With advances in high-resolution mass spectrometry technologies, metabolomics data are increasingly used to investigate biological mechanisms underlying associations between exposures and health outcomes in clinical and epidemiological studies. Mediation analysis is a powerful framework for investigating a hypothesized causal chain and when applied to metabolomics data, a large number of correlated metabolites belonging to interconnected metabolic pathways need to be considered as mediators. To identify metabolic pathways as active mediators, existing approaches typically focus on first identifying individual metabolites as active mediators, followed by post-hoc metabolic pathway determination. These multi-stage procedures make statistical inference challenging. We propose a Bayesian biological pathway-guided mediation analysis that aims to jointly analyze all metabolites together, identify metabolic pathways directly, and estimate metabolic pathway-specific indirect effects. This is accomplished by incorporating existing biological knowledge of metabolic pathways to account for correlations among mediators, along with variable selection and dimension reduction techniques.

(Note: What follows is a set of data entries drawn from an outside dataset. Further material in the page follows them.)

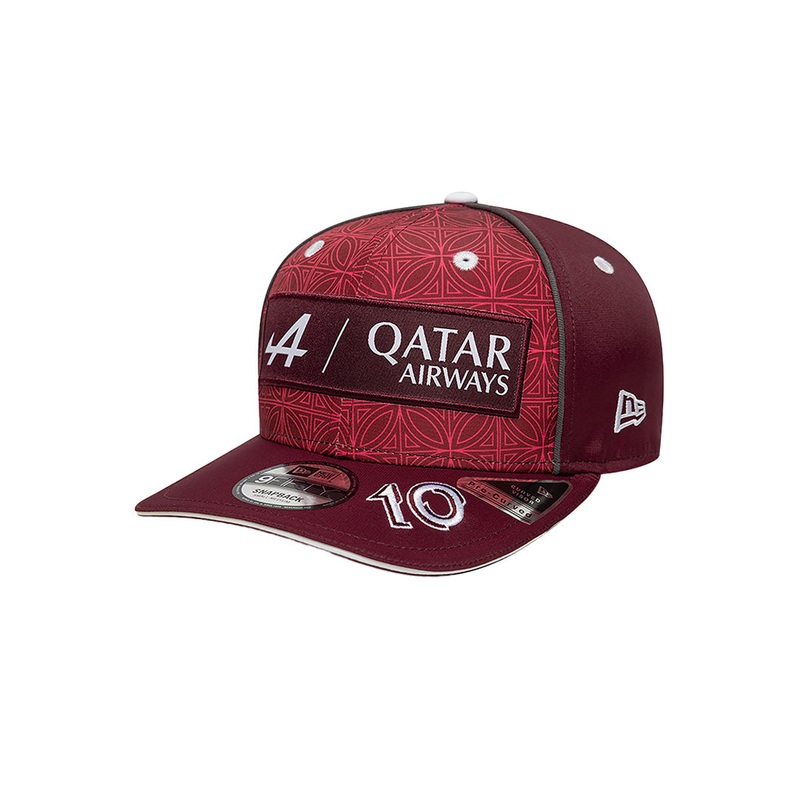 BWT ALPINE F1 TEAM QATAR RACE SPECIAL ESTEBAN OCON DARK RED 9FIFTY CAP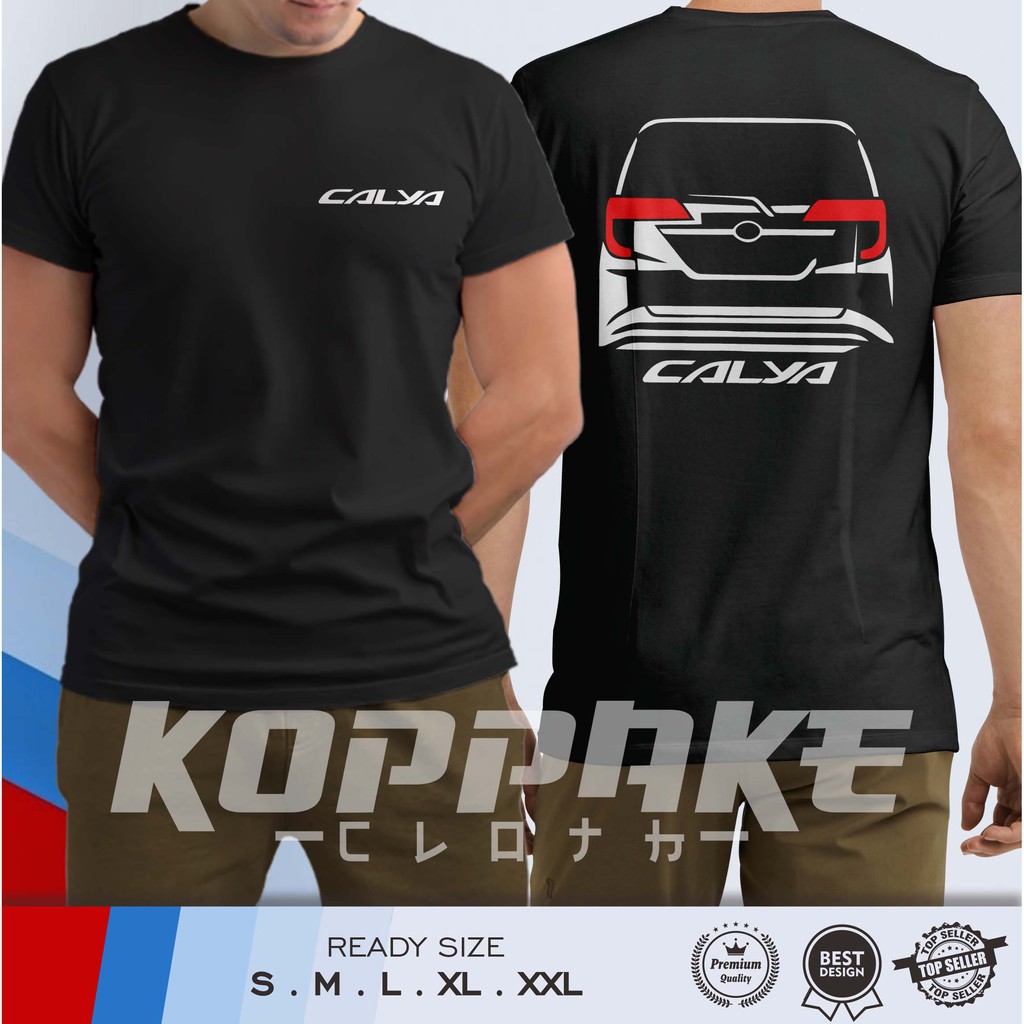 Kaos Mobil Toyota Calya Rear Baju Otomotif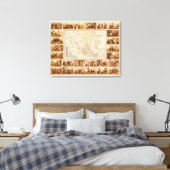 Toile Carte ethnographique du Mexique (Insitu(Chambre))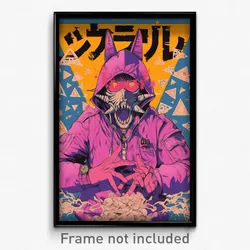 Greek Movie Poster - Boy Feeling Offended, Purple Animal Costume (Art Print)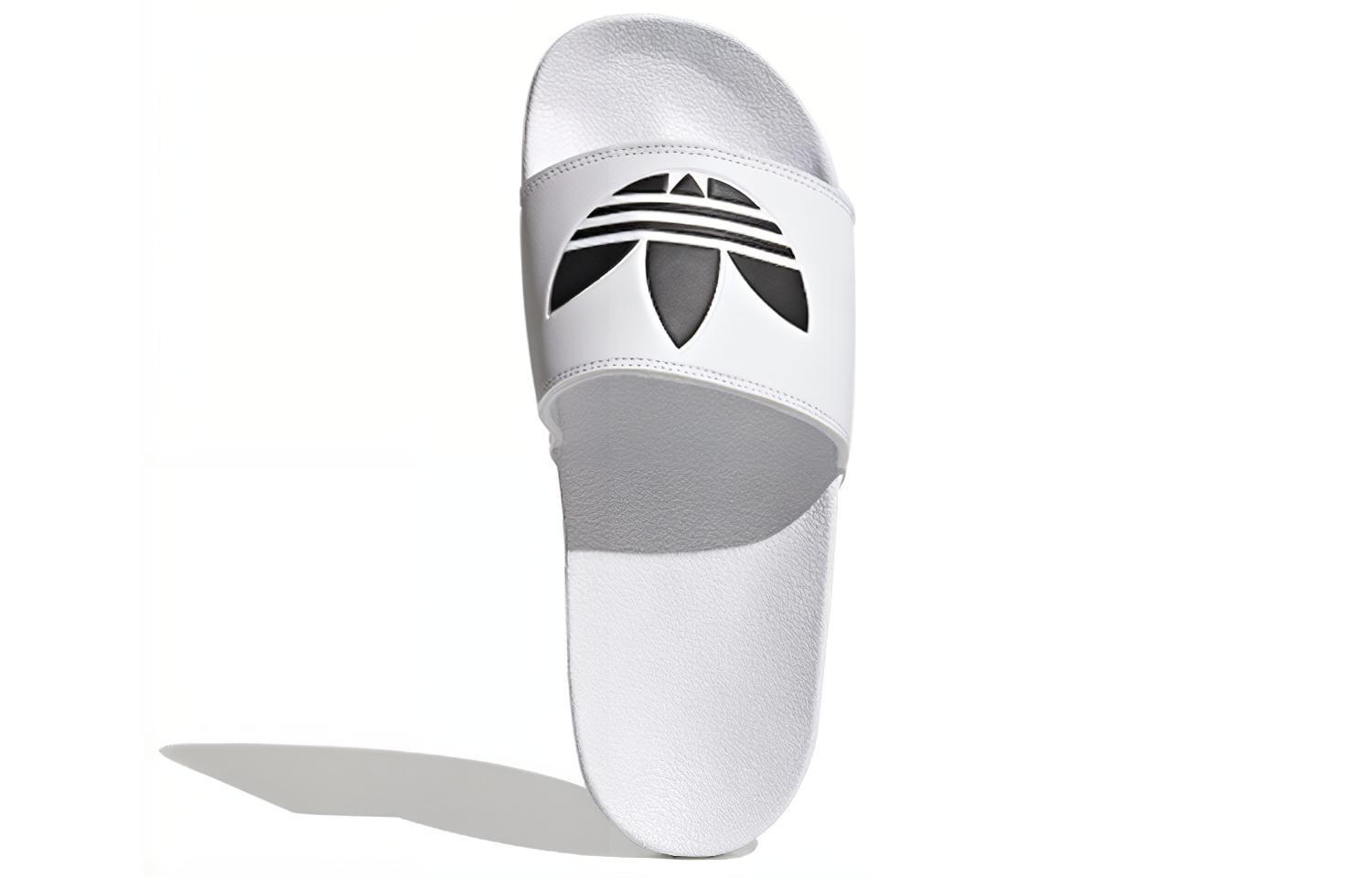 Adidas Adilette Lite White Black — фото 3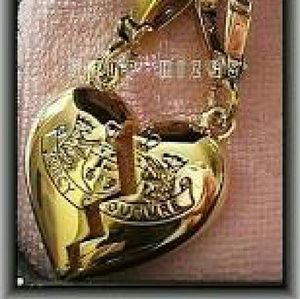 Juicy Couture 2pc Broken Heart Charm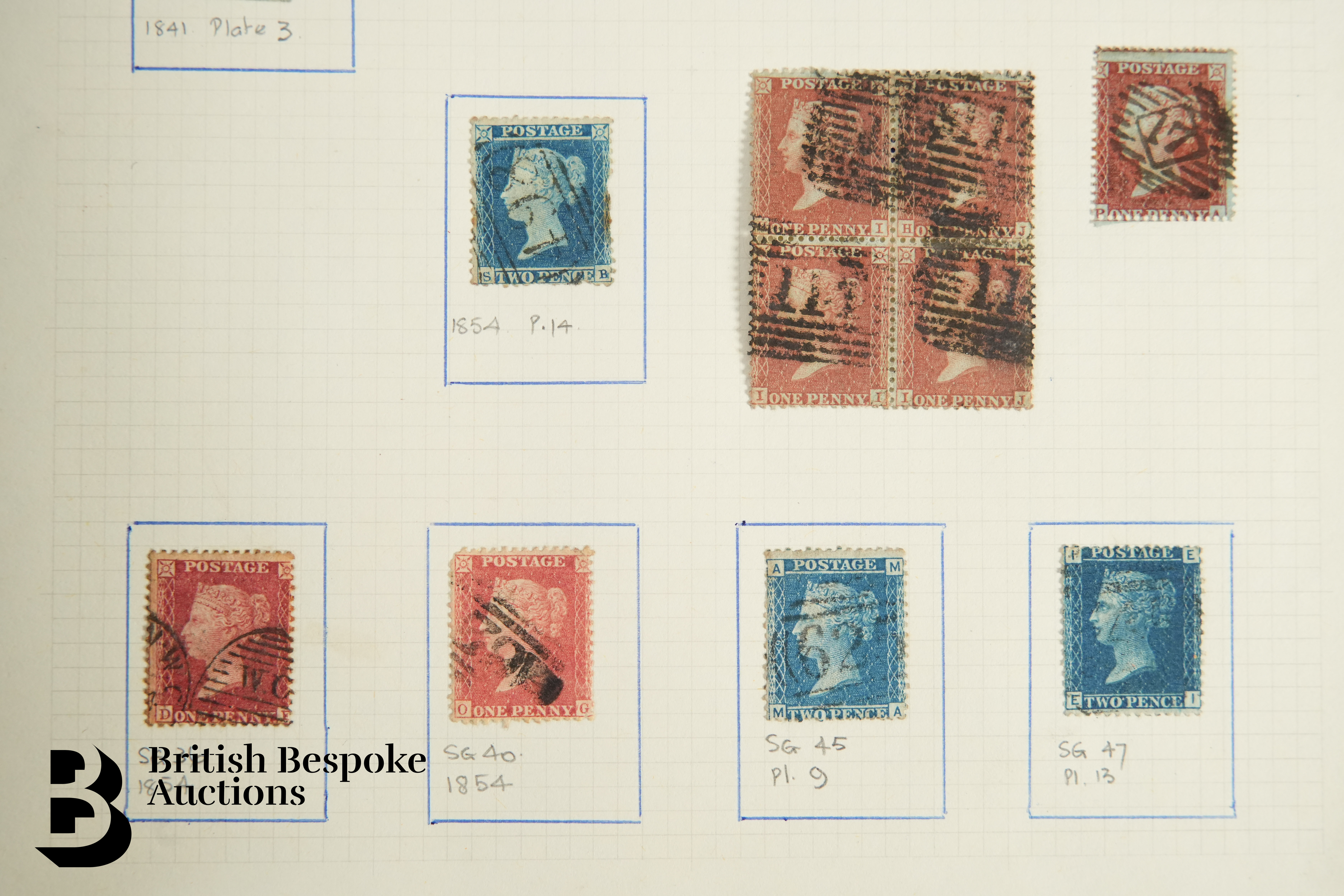 Two Albums of GB pre 1971 Stamps incl. Early High Values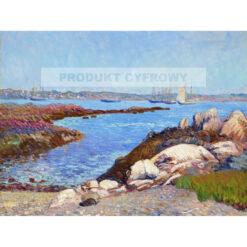 William Glackens Port w Portsmouth New Hampshire — produkt cyfrowy do pobrania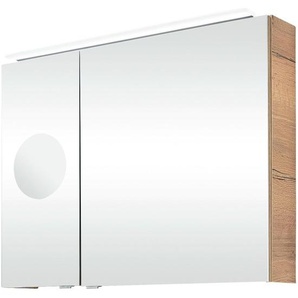 Sadena Spiegelschrank Basel, Metall, 2 Fächer, 90x70.3x15 cm, Made in Germany, Badezimmer, Badezimmerspiegel, Spiegelschränke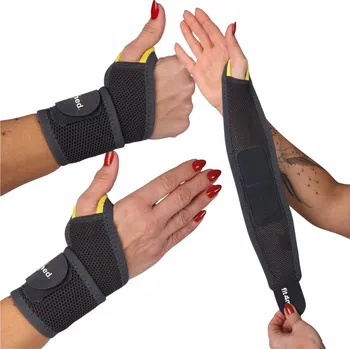 Stahovák na zápěstí Fit4Med elastický prodyšný černý 2 ks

Advantages of the proposed method is demonstrated in extensive simulation studies with real-word metabolic pathway structure. We apply the proposed method to two studies examining the role of metabolism in mediating (1) the effect of Roux-en-Y gastric bypass on glycemic control, and (2) the effect of prenatal exposure to per- and polyfluoroalkyl substances (PFAS) on gestational age at birth. Our analyses confirm metabolic pathways previously identified and provide additional uncertainty quantification for the mediation effects.